Sonetto (due quartine + due terzine di endecasillabi) di schema ABAB ABAB CDC DCD.


Forse perchè della fatal quiete
Tu sei l’immago a me sì cara, vieni,
O Sera! E quando ti corteggian liete
Le nubi estive e i zeffiri sereni,

[vv. 1 – 4] Oh sera, forse il tuo arrivare mi è così gradito, perché sei lo specchio (l’imago: l’immagine) di quella pace che sopraggiunge dopo la morte (la fatal quiete: la pace cui l’uomo è destinato dal fato). E sia quando ti accompagnano (corteggian: lett. ti fanno da corteo) le nubi estive e i venti sereni


E quando dal nevoso aere inquiete
Tenebre, e lunghe, all’universo meni,
Sempre scendi invocata, e le secrete
Vie del mio cor soavemente tieni.

[vv. 5 – 8] sia quando porti (meni) sulla terra notti lunghe e agitate dall’aria nevosa, arrivi sempre gradita (invocata: lett. desiderata, sperata, attesa) e riempi di dolcezza (soavemente tieni: occupi dolcemente) i meandri più intimi del mio animo.
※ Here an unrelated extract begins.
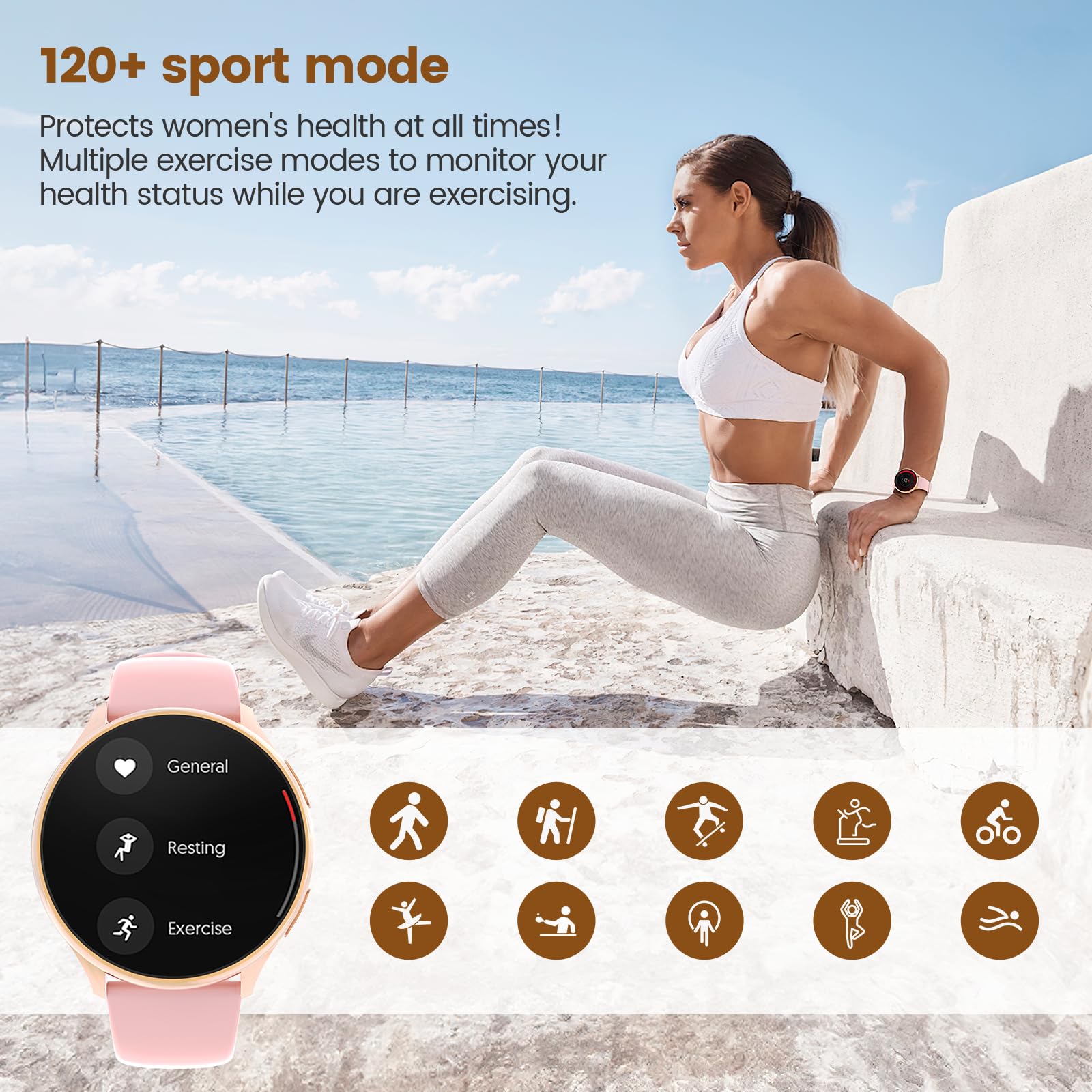 SLOKSFil Reloj Inteligente Mujer, 1,39" SmartWatch Mujer Redondo SpO2, 24H Pulsometro, Presión Arterial, Monitor sueño, Monitor de sueño 120 Deportes para iOS Android (Oro Rosa)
Vagar mi fai co’ miei pensier su l’orme
Che vanno al nulla eterno; e intanto fugge
Questo reo tempo, e van con lui le torme

[vv. 9 – 11] Mi spingi a percorrere con la mente riflessioni che conducono al tema della morte, e intanto il tempo ingrato (reo tempo: il difficile momento vissuto da Foscolo) passa e insieme a lui se ne vanno gli innumerevoli (le torme: lett. gli eserciti)


Delle cure, onde meco egli si strugge;
E mentre io guardo la tua pace, dorme
Quello spirto guerrier ch’entro mi rugge.

[vv. 12 – 14] tormenti dell’animo a causa dei quali (onde) il tempo (egli) si consuma insieme a me; e mentre ho di fronte la pace che tu porti (rivolto di nuovo alla sera) si sopisce quello spirito indomito che si agita dentro di me.